A native sees the city go from the absurd to the insane
By Lia Azul Salaverry
OCTOBER 5, 2015 — To say I am a Bay Area “native” would be an understatement.
I have lived in more than 25 rentals across the Bay Area –in Berkeley, Napa, El Cerrito, Albany, Palo Alto, Richmond, and Oakland.
After graduating from UC Santa Cruz, I planned a life in San Francisco, where most of my friends and family live. But after months of searching, I have been unable to find any suitable housing in the place I call home.
I hit rock bottom after seriously considering a 5-foot by 9-foot area under a stairway in someone’s “art studio” for $800/month. The proprietress, who had just kicked her boyfriend out and needed some extra cash, said cheerily, “You can hang a curtain!”
At that point I knew I’d transitioned from the absurd to the… insane.
There’s a group of Latino families in the Mission with 12 people in a one bedroom who cook on a grill and eat out on sidewalk due to their lack of space. And I have some friends living 5 up in a 1 bedroom in the Sunset. For all but the extremely wealthy in Bay Area, this madness is not the exception, but the rule.
It is no mystery San Francisco is in the middle of a severe affordable housing crisis. Yet there are cranes everywhere, pumping out $6,000 two-bedroom apartments in the Mission District and $10 million dollar condos on Rincon Hill.
So there doesn’t seem to be a “market rate” problem. Rather a lack of affordable housing for everyone, including young people like me.
At the heart of this issue is the question: who gets to live in San Francisco and who gets to decide? Does money rule? What is the role of City Hall? What input should the existing community have?
Who does our city exclude or prioritize? How many can we accommodate or want to accommodate? Do we want a monochromatic, gated lifestyle similar to cities like San Ramon? What value do we place on diversity of income, race, etc.? In short, what is our shared vision of the future?
There are highly visceral responses from folks across various spectrums of opinion. But one thing seems clear; a huge part of the “insanity” is that we’re doing the same thing again and again and expecting different results.
Interestingly, longtime residents and tenants aren’t the only ones living in fear. Developers feel it too. In a recent letter, Oz Erickson of the Emerald Fund compared the “plight” of his developer pals to that of the Jews in Nazi Germany.

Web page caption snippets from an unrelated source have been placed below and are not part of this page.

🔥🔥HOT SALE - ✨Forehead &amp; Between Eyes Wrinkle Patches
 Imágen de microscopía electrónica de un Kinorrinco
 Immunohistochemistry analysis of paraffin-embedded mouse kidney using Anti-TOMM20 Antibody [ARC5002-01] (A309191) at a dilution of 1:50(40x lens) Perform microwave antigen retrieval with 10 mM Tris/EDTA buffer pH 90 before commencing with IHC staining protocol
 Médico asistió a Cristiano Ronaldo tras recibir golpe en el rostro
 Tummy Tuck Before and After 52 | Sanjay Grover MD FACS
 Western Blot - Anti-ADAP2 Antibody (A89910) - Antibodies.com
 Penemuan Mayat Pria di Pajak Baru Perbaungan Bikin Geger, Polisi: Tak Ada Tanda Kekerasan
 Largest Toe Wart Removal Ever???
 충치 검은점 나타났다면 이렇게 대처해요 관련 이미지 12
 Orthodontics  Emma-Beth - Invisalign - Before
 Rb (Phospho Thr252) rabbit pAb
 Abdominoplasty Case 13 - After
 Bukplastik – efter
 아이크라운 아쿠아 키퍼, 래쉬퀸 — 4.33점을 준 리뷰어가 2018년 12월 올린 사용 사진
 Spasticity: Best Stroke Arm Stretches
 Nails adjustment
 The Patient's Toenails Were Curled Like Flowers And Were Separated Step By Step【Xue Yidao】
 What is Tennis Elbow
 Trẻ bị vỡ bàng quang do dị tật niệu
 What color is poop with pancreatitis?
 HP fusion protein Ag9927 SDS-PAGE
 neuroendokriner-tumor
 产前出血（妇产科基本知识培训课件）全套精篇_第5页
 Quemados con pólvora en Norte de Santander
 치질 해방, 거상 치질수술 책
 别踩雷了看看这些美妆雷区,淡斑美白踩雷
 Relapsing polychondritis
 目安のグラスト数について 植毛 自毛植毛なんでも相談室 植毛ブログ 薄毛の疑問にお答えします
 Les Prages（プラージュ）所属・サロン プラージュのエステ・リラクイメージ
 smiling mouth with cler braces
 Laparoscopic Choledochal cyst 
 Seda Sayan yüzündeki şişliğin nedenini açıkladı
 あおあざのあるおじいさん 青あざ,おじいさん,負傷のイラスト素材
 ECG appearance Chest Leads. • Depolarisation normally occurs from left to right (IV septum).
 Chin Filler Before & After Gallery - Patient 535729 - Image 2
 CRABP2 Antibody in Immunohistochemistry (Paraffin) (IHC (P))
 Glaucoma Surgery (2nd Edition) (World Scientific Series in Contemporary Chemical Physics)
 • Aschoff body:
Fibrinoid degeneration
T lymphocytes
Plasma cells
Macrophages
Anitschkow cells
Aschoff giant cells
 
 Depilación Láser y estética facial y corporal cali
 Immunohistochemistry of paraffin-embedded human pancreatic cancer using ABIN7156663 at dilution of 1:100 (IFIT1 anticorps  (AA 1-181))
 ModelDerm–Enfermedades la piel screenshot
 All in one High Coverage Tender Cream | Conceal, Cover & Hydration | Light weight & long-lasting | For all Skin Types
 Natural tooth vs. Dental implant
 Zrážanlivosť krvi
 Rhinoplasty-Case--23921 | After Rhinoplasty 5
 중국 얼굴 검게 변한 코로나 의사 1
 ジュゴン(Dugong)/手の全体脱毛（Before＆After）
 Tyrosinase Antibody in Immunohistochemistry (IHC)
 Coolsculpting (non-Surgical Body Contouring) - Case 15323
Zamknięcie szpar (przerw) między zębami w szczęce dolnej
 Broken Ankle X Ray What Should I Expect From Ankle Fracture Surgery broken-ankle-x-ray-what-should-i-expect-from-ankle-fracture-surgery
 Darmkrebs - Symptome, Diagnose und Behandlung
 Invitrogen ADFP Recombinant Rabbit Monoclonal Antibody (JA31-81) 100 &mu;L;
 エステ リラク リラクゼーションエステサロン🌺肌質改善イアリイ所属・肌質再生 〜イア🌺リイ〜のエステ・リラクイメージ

As a direct descendent of Holocaust survivors, whose family was almost all brutally exterminated…I was not amused by Erickson’s deeply pathological remarks. If socio-economic cleansing is going on, its target is not on developers.
It’s not just the developers that are out of touch with reality. Into the crisis, the San Francisco Bay Area Renters Federation (SFBARF) has sprung, whose “Build Baby Build” solution at first appealed to a housing-challenged Millennial like me.
But I quickly realized that their libertarian vision of a three-million inhabitant high-density Hong Kong by the Bay was not just impossible, it was dystopian. I briefly considered organizing an antidote to SFBARF called San Francisco Tenants United for Mission Stabilization, or “SFTUMS” after the neighborhood where I’d love to live.
Sanity returned and instead of starting my own aggressive astroturf org, I’ve decided to put my efforts into Prop I. At a minimum, Proposition I, Pause for a Plan will give Mission residents a voice at the table.
San Francisco needs real change, tangible, reality-based solutions that uphold our most cherished values as a community. And with Prop I passed, maybe someday there will be an affordable unit for a college grad like me, rather than the couch I’m occupying in Oakland.